Ciekawym rozwiązaniem jest konfiguracja mullet, łącząca 29-calowe koło z przodu z 27,5-calowym z tyłu. Teoretycznie ma to poprawić stabilność bez utraty zwrotności. Całość dopełniają opony WTB Trail Boss TCS o szerokości 2,4 cala.
Za precyzyjną zmianę biegów odpowiada 12-rzędowy osprzęt Shimano Deore SLX, współpracujący z hamulcami tej samej serii. System wykorzystuje tarcze o średnicy 203 mm z przodu i 180 mm z tyłu, co powinno zapewnić odpowiednią siłę hamowania nawet na stromych zjazdach.

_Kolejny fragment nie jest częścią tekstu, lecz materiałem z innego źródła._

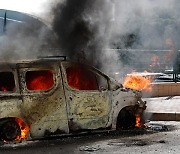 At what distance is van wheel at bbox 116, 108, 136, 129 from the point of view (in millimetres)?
Answer: 9008

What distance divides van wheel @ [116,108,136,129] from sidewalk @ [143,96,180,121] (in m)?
0.82

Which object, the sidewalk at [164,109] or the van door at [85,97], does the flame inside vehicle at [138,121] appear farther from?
the van door at [85,97]

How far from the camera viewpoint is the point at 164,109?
→ 1195cm

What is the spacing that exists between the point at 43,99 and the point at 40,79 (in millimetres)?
525

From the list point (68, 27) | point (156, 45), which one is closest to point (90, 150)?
point (68, 27)

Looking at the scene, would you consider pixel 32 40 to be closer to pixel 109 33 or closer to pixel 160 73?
pixel 109 33

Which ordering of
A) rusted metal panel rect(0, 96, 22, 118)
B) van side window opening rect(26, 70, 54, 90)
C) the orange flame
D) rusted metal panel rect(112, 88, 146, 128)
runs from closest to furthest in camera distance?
rusted metal panel rect(0, 96, 22, 118), van side window opening rect(26, 70, 54, 90), rusted metal panel rect(112, 88, 146, 128), the orange flame

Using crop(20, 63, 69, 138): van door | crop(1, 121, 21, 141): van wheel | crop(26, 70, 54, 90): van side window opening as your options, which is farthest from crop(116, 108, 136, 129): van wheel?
crop(1, 121, 21, 141): van wheel

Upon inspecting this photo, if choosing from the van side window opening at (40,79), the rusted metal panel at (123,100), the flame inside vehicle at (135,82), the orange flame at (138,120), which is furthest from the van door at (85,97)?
the flame inside vehicle at (135,82)

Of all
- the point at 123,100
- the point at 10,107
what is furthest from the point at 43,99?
the point at 123,100

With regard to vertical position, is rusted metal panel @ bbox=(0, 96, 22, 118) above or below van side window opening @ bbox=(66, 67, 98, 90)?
below

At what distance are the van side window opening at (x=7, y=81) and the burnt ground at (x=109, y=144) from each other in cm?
116

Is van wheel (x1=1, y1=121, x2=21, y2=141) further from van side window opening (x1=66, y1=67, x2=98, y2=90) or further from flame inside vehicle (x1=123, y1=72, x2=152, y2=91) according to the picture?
flame inside vehicle (x1=123, y1=72, x2=152, y2=91)

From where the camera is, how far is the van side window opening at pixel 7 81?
26.4 feet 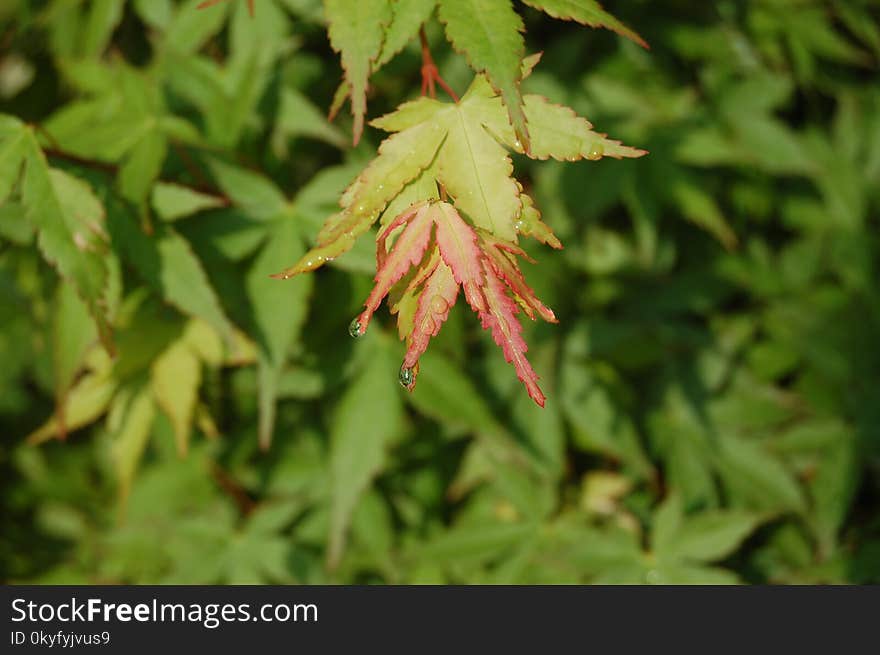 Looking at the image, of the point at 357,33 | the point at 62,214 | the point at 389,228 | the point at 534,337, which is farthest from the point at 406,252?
the point at 534,337

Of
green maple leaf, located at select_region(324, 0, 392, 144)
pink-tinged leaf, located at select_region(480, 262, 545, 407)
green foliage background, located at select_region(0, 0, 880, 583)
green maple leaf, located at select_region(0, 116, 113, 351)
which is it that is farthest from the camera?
green foliage background, located at select_region(0, 0, 880, 583)

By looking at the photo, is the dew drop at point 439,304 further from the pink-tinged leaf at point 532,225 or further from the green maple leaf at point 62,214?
the green maple leaf at point 62,214

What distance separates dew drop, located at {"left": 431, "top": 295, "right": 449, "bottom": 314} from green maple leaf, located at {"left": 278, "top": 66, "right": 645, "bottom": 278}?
0.10 m

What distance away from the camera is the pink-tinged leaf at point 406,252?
842mm

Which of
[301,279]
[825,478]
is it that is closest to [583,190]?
[301,279]

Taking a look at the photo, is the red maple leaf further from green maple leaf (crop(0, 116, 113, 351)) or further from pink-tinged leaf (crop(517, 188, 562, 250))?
green maple leaf (crop(0, 116, 113, 351))

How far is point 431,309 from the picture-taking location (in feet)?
2.72

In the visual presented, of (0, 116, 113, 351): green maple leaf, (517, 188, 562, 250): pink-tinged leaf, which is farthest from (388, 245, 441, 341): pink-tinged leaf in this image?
(0, 116, 113, 351): green maple leaf

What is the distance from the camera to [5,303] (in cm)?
193

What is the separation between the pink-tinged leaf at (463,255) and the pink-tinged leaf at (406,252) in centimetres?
2

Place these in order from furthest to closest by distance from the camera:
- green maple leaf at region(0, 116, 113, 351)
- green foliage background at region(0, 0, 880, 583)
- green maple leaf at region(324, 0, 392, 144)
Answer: green foliage background at region(0, 0, 880, 583) → green maple leaf at region(0, 116, 113, 351) → green maple leaf at region(324, 0, 392, 144)

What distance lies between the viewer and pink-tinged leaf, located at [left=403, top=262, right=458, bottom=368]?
2.66ft

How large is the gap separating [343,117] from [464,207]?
0.88 metres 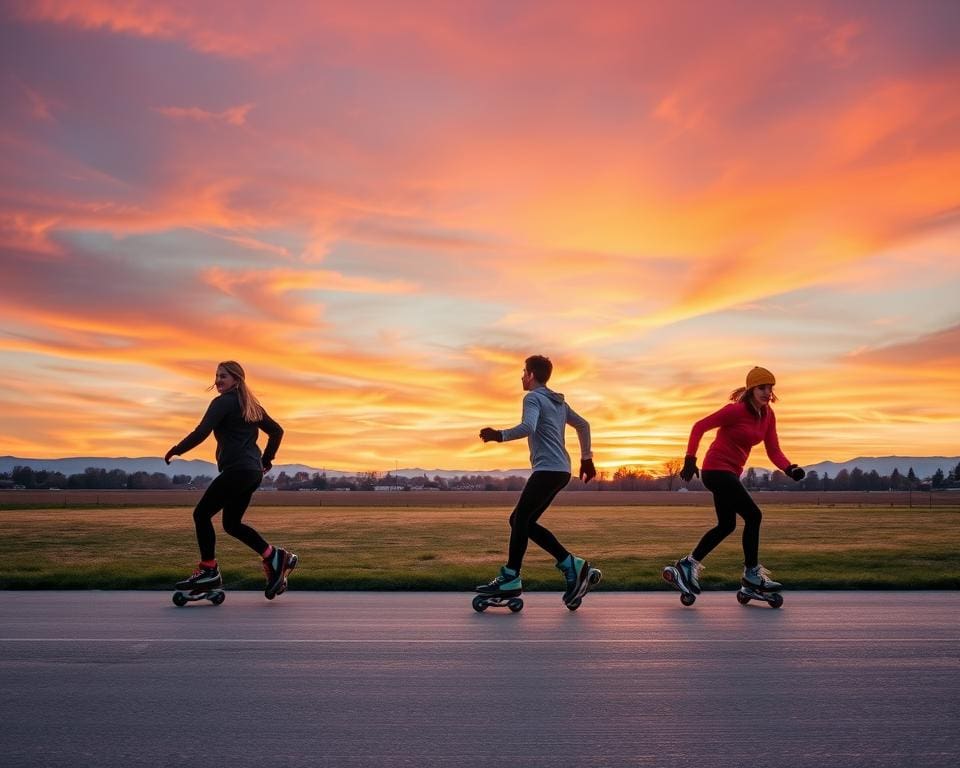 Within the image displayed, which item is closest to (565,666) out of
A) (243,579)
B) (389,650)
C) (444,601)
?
(389,650)

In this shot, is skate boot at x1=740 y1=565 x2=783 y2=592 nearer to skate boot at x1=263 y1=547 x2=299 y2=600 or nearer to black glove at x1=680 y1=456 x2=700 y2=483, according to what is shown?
black glove at x1=680 y1=456 x2=700 y2=483

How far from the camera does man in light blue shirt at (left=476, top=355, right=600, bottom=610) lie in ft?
27.9

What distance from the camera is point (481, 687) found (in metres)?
5.05

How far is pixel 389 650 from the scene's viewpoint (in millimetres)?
6223

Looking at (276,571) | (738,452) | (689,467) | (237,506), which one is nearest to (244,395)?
(237,506)

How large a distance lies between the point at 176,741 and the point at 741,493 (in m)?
6.65

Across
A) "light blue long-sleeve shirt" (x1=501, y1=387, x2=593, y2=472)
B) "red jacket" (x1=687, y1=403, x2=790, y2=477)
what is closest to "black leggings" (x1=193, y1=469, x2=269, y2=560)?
"light blue long-sleeve shirt" (x1=501, y1=387, x2=593, y2=472)

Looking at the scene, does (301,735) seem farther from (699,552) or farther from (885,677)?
(699,552)

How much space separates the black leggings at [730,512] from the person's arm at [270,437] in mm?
4446

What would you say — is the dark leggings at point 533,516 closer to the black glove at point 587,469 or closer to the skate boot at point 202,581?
the black glove at point 587,469

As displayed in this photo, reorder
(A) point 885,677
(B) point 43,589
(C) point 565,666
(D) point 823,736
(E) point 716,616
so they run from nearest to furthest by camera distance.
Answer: (D) point 823,736 < (A) point 885,677 < (C) point 565,666 < (E) point 716,616 < (B) point 43,589

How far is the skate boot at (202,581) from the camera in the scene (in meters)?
8.90

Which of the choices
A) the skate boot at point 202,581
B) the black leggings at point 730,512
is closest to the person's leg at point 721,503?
the black leggings at point 730,512

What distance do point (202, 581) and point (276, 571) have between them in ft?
2.33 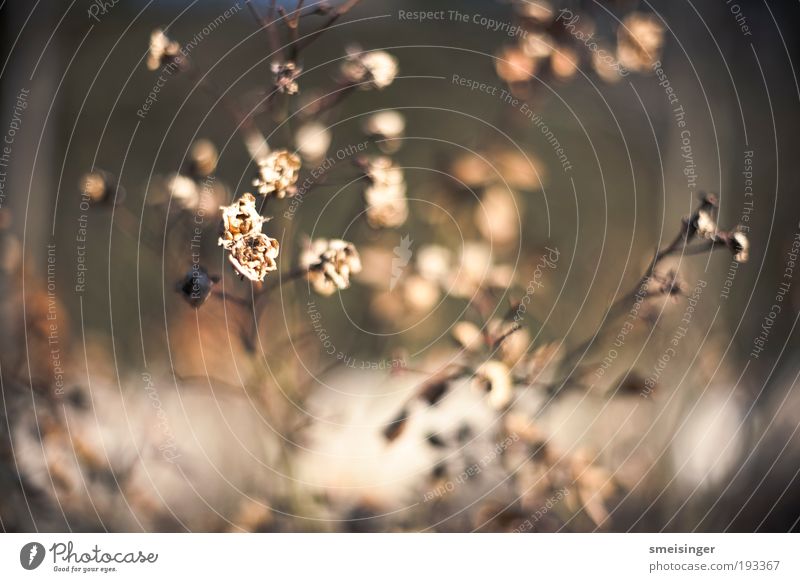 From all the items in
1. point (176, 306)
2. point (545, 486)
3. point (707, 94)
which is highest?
point (707, 94)

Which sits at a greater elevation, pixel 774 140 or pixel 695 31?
pixel 695 31

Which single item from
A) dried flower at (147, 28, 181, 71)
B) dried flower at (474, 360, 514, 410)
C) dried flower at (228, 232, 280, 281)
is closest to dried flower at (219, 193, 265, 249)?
dried flower at (228, 232, 280, 281)

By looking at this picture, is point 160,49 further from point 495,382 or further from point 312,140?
point 495,382

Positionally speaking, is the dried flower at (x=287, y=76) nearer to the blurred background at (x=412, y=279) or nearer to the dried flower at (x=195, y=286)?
the blurred background at (x=412, y=279)

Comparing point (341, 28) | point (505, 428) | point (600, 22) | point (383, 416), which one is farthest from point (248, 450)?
point (600, 22)

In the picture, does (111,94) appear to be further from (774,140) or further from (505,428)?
(774,140) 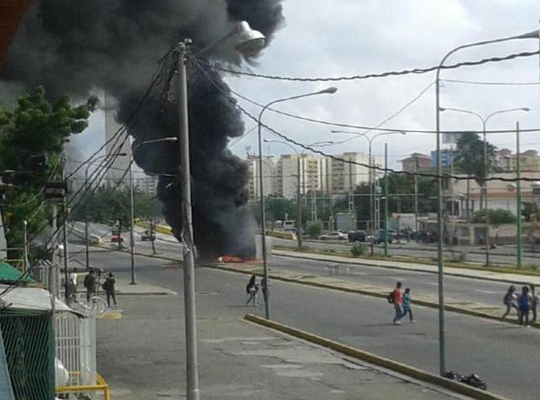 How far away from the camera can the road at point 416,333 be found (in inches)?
712

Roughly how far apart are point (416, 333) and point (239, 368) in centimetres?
646

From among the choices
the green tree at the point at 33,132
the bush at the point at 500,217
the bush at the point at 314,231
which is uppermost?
the green tree at the point at 33,132

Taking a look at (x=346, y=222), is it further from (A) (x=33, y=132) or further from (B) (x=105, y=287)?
(A) (x=33, y=132)

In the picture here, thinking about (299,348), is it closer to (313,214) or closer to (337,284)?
(337,284)

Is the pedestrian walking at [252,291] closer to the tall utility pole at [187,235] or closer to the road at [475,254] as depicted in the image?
the road at [475,254]

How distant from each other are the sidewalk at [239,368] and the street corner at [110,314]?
5.04 feet

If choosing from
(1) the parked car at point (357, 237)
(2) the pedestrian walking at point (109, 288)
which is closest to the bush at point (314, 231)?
(1) the parked car at point (357, 237)

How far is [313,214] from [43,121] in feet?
292

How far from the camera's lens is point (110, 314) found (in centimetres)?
3003

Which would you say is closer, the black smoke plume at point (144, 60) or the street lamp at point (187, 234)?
the street lamp at point (187, 234)

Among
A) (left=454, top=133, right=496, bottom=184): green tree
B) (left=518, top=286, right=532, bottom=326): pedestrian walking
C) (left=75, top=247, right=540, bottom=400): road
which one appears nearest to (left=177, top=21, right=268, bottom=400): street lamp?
(left=75, top=247, right=540, bottom=400): road

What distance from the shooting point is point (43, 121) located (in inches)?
728

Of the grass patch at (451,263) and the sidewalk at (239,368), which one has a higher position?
the grass patch at (451,263)

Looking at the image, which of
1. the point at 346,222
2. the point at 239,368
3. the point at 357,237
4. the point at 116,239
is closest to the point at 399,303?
the point at 239,368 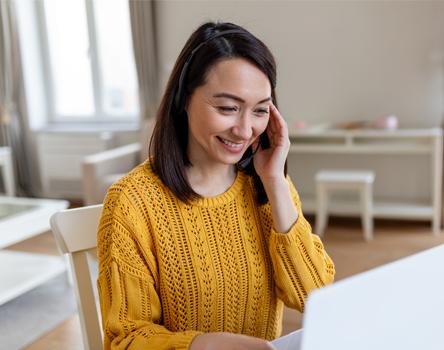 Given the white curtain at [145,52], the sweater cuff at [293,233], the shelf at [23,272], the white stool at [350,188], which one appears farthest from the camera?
the white curtain at [145,52]

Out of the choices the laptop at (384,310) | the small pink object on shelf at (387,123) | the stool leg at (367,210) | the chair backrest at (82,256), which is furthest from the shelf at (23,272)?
the small pink object on shelf at (387,123)

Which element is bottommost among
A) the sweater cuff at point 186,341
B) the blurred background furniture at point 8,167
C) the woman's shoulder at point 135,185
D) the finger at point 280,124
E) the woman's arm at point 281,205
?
the blurred background furniture at point 8,167

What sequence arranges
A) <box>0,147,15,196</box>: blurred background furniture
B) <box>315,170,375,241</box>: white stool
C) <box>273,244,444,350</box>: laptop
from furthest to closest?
1. <box>0,147,15,196</box>: blurred background furniture
2. <box>315,170,375,241</box>: white stool
3. <box>273,244,444,350</box>: laptop

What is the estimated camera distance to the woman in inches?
35.9

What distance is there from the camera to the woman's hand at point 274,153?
1031mm

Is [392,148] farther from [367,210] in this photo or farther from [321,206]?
[321,206]

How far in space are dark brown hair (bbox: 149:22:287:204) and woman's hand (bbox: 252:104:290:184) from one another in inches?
1.8

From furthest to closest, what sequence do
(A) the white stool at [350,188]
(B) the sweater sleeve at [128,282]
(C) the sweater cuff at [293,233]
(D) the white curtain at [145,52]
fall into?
1. (D) the white curtain at [145,52]
2. (A) the white stool at [350,188]
3. (C) the sweater cuff at [293,233]
4. (B) the sweater sleeve at [128,282]

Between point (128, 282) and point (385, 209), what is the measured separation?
2852mm

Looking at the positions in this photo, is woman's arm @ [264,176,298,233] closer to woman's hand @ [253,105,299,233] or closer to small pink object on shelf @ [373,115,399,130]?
woman's hand @ [253,105,299,233]

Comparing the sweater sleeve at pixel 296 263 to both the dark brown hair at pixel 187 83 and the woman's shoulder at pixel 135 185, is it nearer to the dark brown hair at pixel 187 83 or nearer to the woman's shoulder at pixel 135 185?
Result: the dark brown hair at pixel 187 83

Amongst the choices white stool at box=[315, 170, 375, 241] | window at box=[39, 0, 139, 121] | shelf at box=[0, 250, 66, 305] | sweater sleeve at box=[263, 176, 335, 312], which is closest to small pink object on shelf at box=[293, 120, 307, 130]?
white stool at box=[315, 170, 375, 241]

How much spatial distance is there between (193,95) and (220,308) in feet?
1.41

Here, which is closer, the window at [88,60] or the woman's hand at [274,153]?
the woman's hand at [274,153] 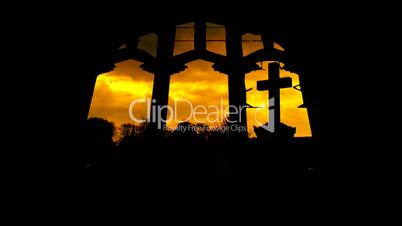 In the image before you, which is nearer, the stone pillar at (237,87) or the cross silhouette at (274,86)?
the stone pillar at (237,87)

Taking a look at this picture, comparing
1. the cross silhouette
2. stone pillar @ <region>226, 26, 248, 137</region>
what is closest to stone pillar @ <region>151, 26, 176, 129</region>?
stone pillar @ <region>226, 26, 248, 137</region>

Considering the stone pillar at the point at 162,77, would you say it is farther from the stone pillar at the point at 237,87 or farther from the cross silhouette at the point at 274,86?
the cross silhouette at the point at 274,86

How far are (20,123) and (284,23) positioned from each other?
251 cm

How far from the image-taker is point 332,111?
7.91ft

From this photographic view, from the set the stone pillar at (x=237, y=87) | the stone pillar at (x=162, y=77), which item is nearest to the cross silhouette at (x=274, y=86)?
the stone pillar at (x=237, y=87)

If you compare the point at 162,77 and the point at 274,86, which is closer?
the point at 162,77

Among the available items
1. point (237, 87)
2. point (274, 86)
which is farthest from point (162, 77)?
point (274, 86)

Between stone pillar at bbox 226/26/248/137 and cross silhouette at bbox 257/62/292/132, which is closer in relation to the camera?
stone pillar at bbox 226/26/248/137

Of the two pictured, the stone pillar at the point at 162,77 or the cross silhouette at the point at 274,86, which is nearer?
the stone pillar at the point at 162,77

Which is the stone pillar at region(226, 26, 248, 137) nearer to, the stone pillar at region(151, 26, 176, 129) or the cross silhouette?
the cross silhouette

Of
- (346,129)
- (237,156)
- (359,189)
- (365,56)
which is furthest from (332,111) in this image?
(237,156)

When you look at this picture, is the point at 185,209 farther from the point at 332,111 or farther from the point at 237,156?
the point at 332,111

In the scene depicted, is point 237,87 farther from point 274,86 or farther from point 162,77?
point 162,77

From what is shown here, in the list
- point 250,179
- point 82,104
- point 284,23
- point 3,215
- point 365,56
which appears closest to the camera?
point 365,56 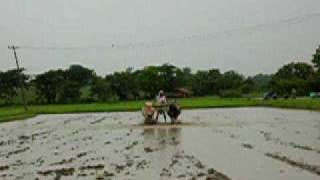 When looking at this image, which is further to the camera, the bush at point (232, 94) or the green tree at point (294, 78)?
the bush at point (232, 94)

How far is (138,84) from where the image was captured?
88.5 metres

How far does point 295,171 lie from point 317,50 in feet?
207

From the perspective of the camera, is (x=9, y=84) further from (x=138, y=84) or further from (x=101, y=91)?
(x=138, y=84)

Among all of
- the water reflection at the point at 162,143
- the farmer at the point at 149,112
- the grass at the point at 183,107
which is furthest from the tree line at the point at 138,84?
the water reflection at the point at 162,143

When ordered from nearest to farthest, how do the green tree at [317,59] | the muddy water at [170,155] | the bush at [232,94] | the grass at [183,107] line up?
the muddy water at [170,155]
the grass at [183,107]
the green tree at [317,59]
the bush at [232,94]

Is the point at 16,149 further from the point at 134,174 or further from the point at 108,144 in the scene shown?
the point at 134,174

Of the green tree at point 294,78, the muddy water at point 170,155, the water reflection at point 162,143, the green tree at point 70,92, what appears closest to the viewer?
the muddy water at point 170,155

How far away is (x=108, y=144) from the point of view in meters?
21.9

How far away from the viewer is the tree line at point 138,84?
83500 millimetres

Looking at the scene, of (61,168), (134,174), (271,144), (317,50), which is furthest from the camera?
(317,50)

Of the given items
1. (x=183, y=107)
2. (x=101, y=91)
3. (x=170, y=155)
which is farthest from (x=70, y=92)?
(x=170, y=155)

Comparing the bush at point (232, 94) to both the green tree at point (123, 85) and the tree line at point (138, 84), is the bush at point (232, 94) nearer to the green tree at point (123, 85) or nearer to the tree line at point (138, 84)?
the tree line at point (138, 84)

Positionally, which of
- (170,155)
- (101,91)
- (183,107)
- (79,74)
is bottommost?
(170,155)

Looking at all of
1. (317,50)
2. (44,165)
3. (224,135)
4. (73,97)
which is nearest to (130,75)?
(73,97) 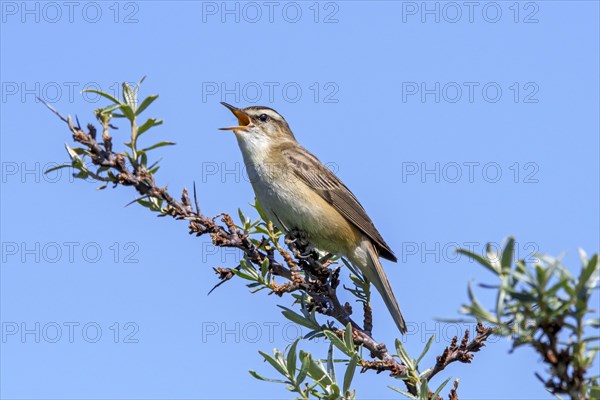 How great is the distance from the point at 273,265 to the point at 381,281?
2.61 meters

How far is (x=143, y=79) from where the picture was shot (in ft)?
11.0

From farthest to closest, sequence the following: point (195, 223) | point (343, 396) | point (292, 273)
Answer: point (292, 273), point (195, 223), point (343, 396)

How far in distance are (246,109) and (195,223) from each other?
4.13 meters

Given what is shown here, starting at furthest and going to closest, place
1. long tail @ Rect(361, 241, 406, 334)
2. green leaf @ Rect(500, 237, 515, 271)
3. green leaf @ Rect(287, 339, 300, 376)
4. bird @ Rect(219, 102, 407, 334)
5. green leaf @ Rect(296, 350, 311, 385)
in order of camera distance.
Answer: bird @ Rect(219, 102, 407, 334)
long tail @ Rect(361, 241, 406, 334)
green leaf @ Rect(287, 339, 300, 376)
green leaf @ Rect(296, 350, 311, 385)
green leaf @ Rect(500, 237, 515, 271)

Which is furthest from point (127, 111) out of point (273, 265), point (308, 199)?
point (308, 199)

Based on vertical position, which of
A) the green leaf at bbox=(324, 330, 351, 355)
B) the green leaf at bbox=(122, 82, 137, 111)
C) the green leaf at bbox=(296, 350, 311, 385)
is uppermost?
the green leaf at bbox=(122, 82, 137, 111)

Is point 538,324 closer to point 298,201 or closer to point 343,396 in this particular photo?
point 343,396

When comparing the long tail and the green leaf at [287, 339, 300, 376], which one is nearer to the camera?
the green leaf at [287, 339, 300, 376]

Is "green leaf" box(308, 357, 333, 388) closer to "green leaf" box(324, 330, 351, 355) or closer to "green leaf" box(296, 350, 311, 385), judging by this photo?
"green leaf" box(296, 350, 311, 385)

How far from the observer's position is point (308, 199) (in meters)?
6.80

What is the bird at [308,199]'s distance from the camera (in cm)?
650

Sercem napędu jest silnik Shimano EP800 generujący moment obrotowy 85 Nm. To jedna z mocniejszych jednostek dostępnych obecnie na rynku, która bez problemu poradzi sobie z podjazdami nawet przy pełnym obciążeniu.
Silnik współpracuje z baterią o pojemności 630 Wh. Producent deklaruje zasięg do 90 kilometrów na jednym ładowaniu, choć w praktyce wartość ta będzie zależała od wielu czynników – stylu jazdy, ukształtowania terenu i intensywności korzystania z wspomagania.
Estetycznym detalem, który świadczy o klasie roweru, jest schowane wewnątrz ramy okablowanie. To nie tylko kwestia wyglądu – takie rozwiązanie chroni przewody przed uszkodzeniami podczas jazdy w trudnych warunkach.
Nowy model Krossa pokazuje, że polscy producenci nie boją się sięgać po premium. Pytanie brzmi, czy rodzimy rynek jest gotowy na taką cenę i czy rower znajdzie wystarczająco wielu nabywców. To ważny test dla całej branży.